Would you restate the data exactly as given?

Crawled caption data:
○ ○ ○ ○ ○ ○ ○

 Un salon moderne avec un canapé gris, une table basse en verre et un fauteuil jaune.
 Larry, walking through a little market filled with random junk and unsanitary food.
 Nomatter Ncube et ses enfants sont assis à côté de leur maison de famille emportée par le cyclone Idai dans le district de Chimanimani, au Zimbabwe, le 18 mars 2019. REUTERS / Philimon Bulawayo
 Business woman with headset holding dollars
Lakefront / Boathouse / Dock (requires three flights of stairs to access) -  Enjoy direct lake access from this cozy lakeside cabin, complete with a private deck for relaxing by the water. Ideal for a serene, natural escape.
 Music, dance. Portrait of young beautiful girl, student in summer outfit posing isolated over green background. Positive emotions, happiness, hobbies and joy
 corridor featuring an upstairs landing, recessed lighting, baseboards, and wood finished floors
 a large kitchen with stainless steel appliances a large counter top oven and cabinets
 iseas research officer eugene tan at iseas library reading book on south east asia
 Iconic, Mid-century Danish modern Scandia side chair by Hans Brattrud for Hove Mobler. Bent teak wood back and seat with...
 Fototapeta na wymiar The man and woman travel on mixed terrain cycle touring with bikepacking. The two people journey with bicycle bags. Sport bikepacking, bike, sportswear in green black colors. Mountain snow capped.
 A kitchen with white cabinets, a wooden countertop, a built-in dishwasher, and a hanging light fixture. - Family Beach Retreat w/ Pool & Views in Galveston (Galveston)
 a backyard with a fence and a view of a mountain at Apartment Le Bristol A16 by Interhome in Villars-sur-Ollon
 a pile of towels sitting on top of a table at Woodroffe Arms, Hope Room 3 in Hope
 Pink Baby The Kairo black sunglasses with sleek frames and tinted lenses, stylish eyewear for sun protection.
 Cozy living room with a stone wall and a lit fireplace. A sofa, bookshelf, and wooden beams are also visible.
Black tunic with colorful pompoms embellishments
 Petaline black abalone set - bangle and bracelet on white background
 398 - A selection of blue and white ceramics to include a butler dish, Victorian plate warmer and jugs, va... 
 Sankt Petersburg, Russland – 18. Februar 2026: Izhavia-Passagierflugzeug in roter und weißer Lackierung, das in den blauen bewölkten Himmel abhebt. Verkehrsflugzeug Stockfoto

○ ○ ○ ○ ○ ○ ○

■ Answer for this exercise:
 Un salon moderne avec un canapé gris, une table basse en verre et un fauteuil jaune.
 Larry, walking through a little market filled with random junk and unsanitary food.
 Nomatter Ncube et ses enfants sont assis à côté de leur maison de famille emportée par le cyclone Idai dans le district de Chimanimani, au Zimbabwe, le 18 mars 2019. REUTERS / Philimon Bulawayo
 Business woman with headset holding dollars
Lakefront / Boathouse / Dock (requires three flights of stairs to access) -  Enjoy direct lake access from this cozy lakeside cabin, complete with a private deck for relaxing by the water. Ideal for a serene, natural escape.
 Music, dance. Portrait of young beautiful girl, student in summer outfit posing isolated over green background. Positive emotions, happiness, hobbies and joy
 corridor featuring an upstairs landing, recessed lighting, baseboards, and wood finished floors
 a large kitchen with stainless steel appliances a large counter top oven and cabinets
 iseas research officer eugene tan at iseas library reading book on south east asia
 Iconic, Mid-century Danish modern Scandia side chair by Hans Brattrud for Hove Mobler. Bent teak wood back and seat with...
 Fototapeta na wymiar The man and woman travel on mixed terrain cycle touring with bikepacking. The two people journey with bicycle bags. Sport bikepacking, bike, sportswear in green black colors. Mountain snow capped.
 A kitchen with white cabinets, a wooden countertop, a built-in dishwasher, and a hanging light fixture. - Family Beach Retreat w/ Pool & Views in Galveston (Galveston)
 a backyard with a fence and a view of a mountain at Apartment Le Bristol A16 by Interhome in Villars-sur-Ollon
 a pile of towels sitting on top of a table at Woodroffe Arms, Hope Room 3 in Hope
 Pink Baby The Kairo black sunglasses with sleek frames and tinted lenses, stylish eyewear for sun protection.
 Cozy living room with a stone wall and a lit fireplace. A sofa, bookshelf, and wooden beams are also visible.
Black tunic with colorful pompoms embellishments
 Petaline black abalone set - bangle and bracelet on white background
 398 - A selection of blue and white ceramics to include a butler dish, Victorian plate warmer and jugs, va... 
 Sankt Petersburg, Russland – 18. Februar 2026: Izhavia-Passagierflugzeug in roter und weißer Lackierung, das in den blauen bewölkten Himmel abhebt. Verkehrsflugzeug Stockfoto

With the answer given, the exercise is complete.